* WHAT IS EXPECTED: Images aside, return all the entries exactly.

══ MATERIAL TO PROCESS ══

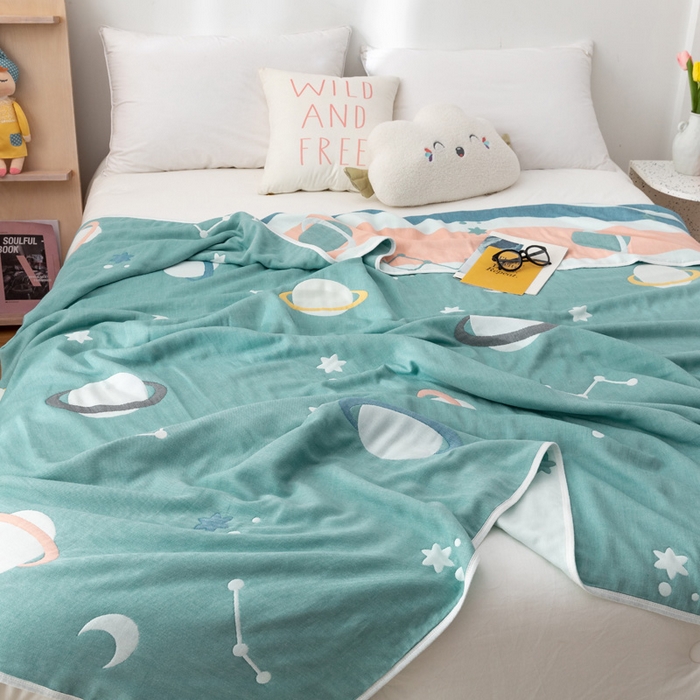 91家纺网 家纺一手货源 找家纺 朴尔家纺-毛巾被 2026新款卡漫风格全棉六层纱毛巾被 浩瀚宇宙-绿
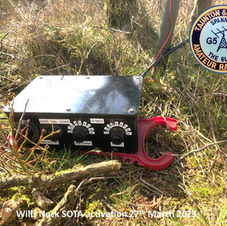 ATU set up at base of 1-4 wave vertical aerial with 6x counterpoise wires.JPG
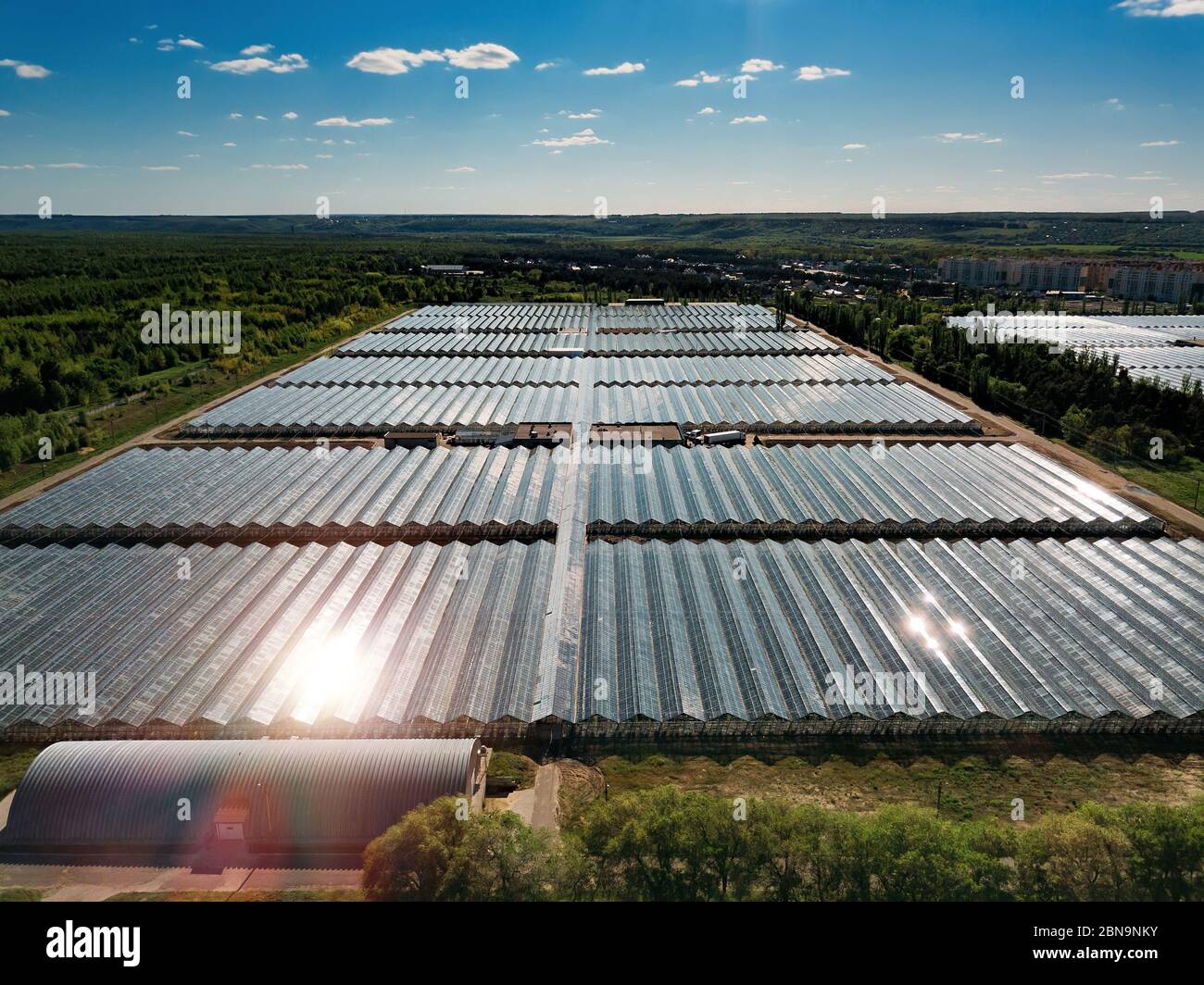 Glass greenhouses hi-res stock photography and images - Alamy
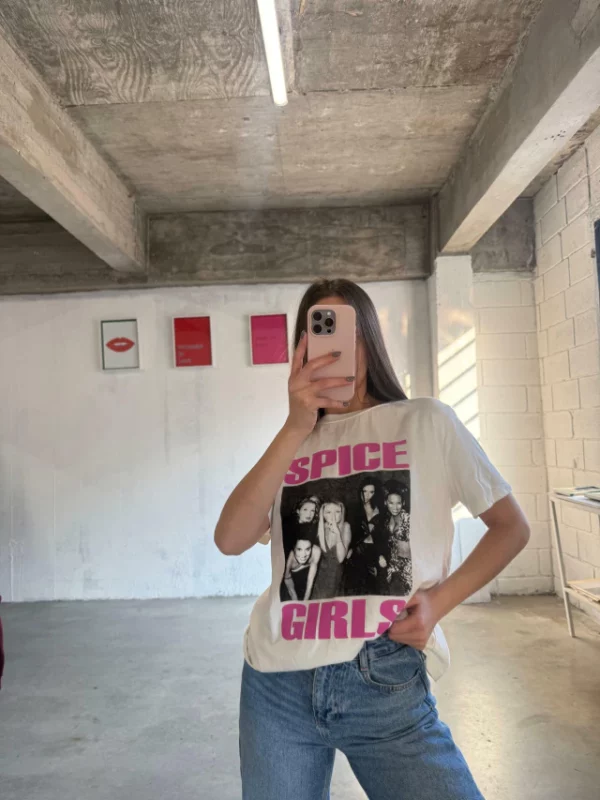 Remera Spice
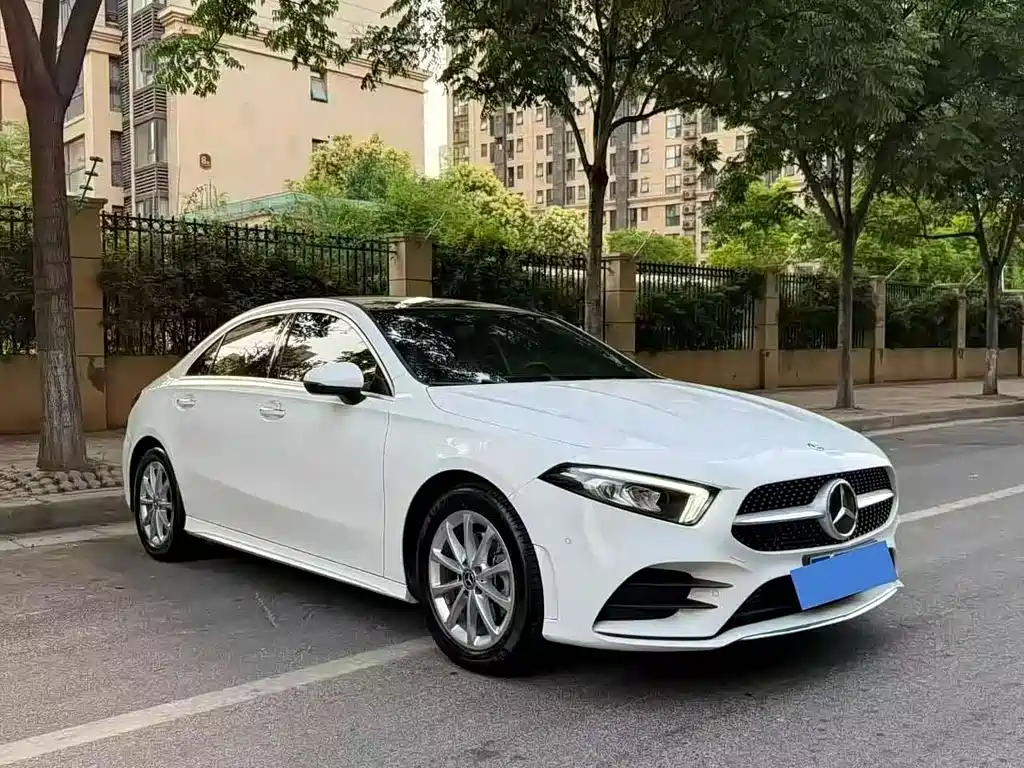 Mercedes-Benz A-Class — миниатюра 3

═══

* FINAL ANSWER:
 91家纺网 家纺一手货源 找家纺 朴尔家纺-毛巾被 2026新款卡漫风格全棉六层纱毛巾被 浩瀚宇宙-绿
 ATU set up at base of 1-4 wave vertical aerial with 6x counterpoise wires.JPG
 Glass greenhouses hi-res stock photography and images - Alamy
 Remera Spice
 Mercedes-Benz A-Class — миниатюра 3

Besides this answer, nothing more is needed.